Over the past year, machine learning and artificial intelligence technology have made significant strides. Specialized algorithms, including OpenAI’s DALL-E, have demonstrated the ability to generate images based on text prompts with increasing canniness. Natural language processing (NLP) systems have grown closer to approximating human writing and text. And some people even think that an AI has attained sentience. (Spoiler alert: It has not.)
And as Ars’ Matt Ford recently pointed out here, artificial intelligence may be artificial, but it’s not “intelligence”—and it certainly isn’t magic. What we call “AI” is dependent upon the construction of models from data using statistical approaches developed by flesh-and-blood humans, and it can fail just as spectacularly as it succeeds. Build a model from bad data and you get bad predictions and bad output—just ask the developers of Microsoft’s Tay Twitterbot about that.

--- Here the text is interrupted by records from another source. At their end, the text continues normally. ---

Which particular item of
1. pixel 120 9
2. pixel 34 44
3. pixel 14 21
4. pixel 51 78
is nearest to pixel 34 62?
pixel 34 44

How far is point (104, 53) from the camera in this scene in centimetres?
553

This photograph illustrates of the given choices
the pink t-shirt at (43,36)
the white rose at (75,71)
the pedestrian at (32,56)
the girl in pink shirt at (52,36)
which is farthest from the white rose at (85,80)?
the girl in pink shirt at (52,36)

For a much less spectacular failure, just look to our back pages. Readers who have been with us for a while, or at least since the summer of 2021, will remember that time we tried to use machine learning to do some analysis—and didn’t exactly succeed. (“It turns out ‘data-driven’ is not just a joke or a buzzword,” said Amazon Web Services Senior Product Manager Danny Smith when we checked in with him for some advice. “‘Data-driven’ is a reality for machine learning or data science projects!”) But we learned a lot, and the biggest lesson was that machine learning succeeds only when you ask the right questions of the right data with the right tool.

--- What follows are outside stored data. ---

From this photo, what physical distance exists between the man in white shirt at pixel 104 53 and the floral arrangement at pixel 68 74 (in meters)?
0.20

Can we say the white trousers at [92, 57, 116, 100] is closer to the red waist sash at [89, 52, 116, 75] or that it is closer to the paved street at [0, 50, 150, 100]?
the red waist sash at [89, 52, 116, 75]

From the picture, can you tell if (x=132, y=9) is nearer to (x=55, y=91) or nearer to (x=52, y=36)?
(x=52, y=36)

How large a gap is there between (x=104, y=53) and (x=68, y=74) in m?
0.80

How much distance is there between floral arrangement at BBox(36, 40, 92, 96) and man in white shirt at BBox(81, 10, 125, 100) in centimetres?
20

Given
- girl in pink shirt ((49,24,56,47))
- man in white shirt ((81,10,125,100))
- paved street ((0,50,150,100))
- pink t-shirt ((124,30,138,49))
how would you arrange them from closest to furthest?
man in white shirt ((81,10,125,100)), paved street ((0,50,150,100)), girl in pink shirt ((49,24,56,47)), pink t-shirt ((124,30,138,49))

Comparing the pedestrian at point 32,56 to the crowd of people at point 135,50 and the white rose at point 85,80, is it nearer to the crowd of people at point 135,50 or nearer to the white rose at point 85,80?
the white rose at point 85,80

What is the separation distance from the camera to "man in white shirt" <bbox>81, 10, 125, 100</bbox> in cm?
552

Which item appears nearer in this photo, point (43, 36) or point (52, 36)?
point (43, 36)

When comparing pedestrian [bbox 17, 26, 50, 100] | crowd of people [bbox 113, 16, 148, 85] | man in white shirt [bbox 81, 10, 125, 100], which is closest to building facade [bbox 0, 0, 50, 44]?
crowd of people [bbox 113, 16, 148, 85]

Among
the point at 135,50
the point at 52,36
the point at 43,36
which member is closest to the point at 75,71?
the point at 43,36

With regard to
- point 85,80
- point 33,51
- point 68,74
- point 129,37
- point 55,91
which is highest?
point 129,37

Those tools have evolved. A growing class of “no-code” and “low-code” machine learning tools are making a number of ML tasks increasingly approachable, taking the powers of machine learning analytics that were once the sole provenance of data scientists and programmers and making them accessible to business analysts and other non-programming end users.

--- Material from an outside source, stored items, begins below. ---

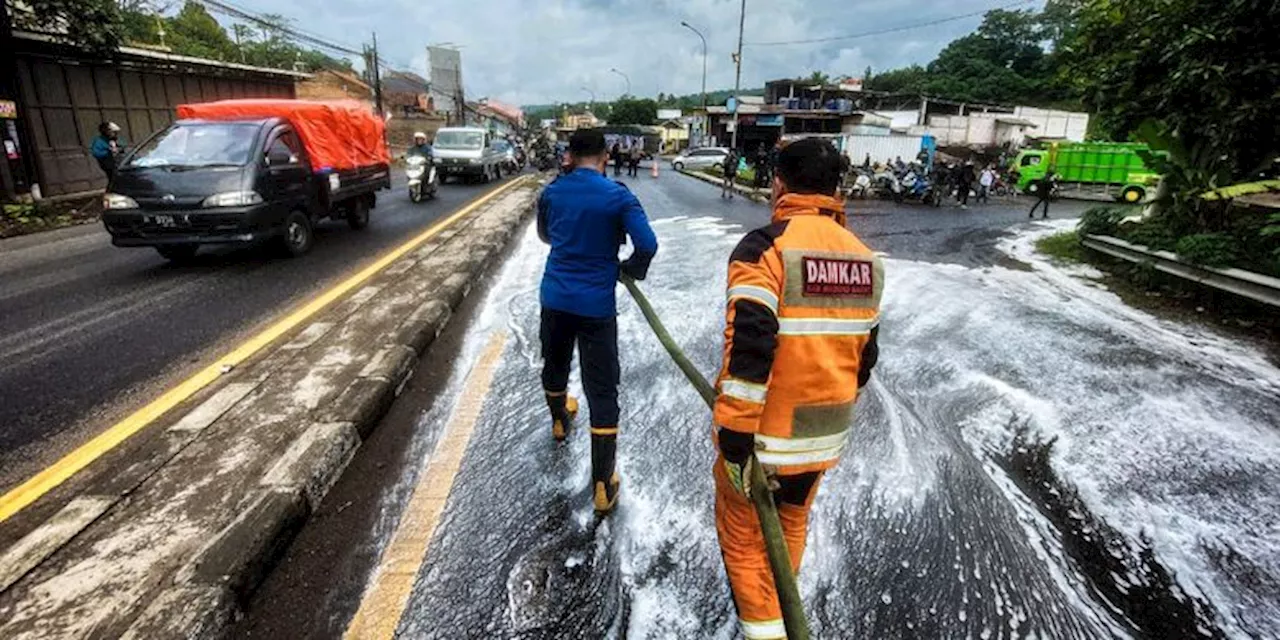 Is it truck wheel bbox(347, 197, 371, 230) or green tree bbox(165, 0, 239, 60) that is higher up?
green tree bbox(165, 0, 239, 60)

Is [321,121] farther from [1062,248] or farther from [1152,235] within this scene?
[1062,248]

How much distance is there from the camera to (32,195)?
12.8 m

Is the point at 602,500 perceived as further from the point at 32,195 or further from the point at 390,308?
the point at 32,195

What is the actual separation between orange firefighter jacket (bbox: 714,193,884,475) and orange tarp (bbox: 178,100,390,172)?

While the work on DALL-E is amazing and will have a significant impact on the manufacture of memes, deep fakes, and other imagery that was once the domain of human artists (using prompts like “[insert celebrity name] in the style of Edvard Munch’s The Scream“), easy-to-use machine learning analytics involving the sorts of data that businesses and individuals create and work with every day can be just as disruptive (in the most neutral sense of that word).
ML vendors tout their products as being an “easy button” for finding relationships in data that may not be obvious, uncovering the correlation between data points and overall outcomes—and pointing people to solutions that traditional business analysis would take humans days, months, or years to uncover through traditional statistical or quantitative analysis.
We set out to perform a John Henry-esque test: to find out whether some of these no-code-required tools could outperform a code-based approach, or at least deliver results that were accurate enough to make decisions at a lower cost than a data scientist’s billable hours. But before we could do that, we needed the right data—and the right question.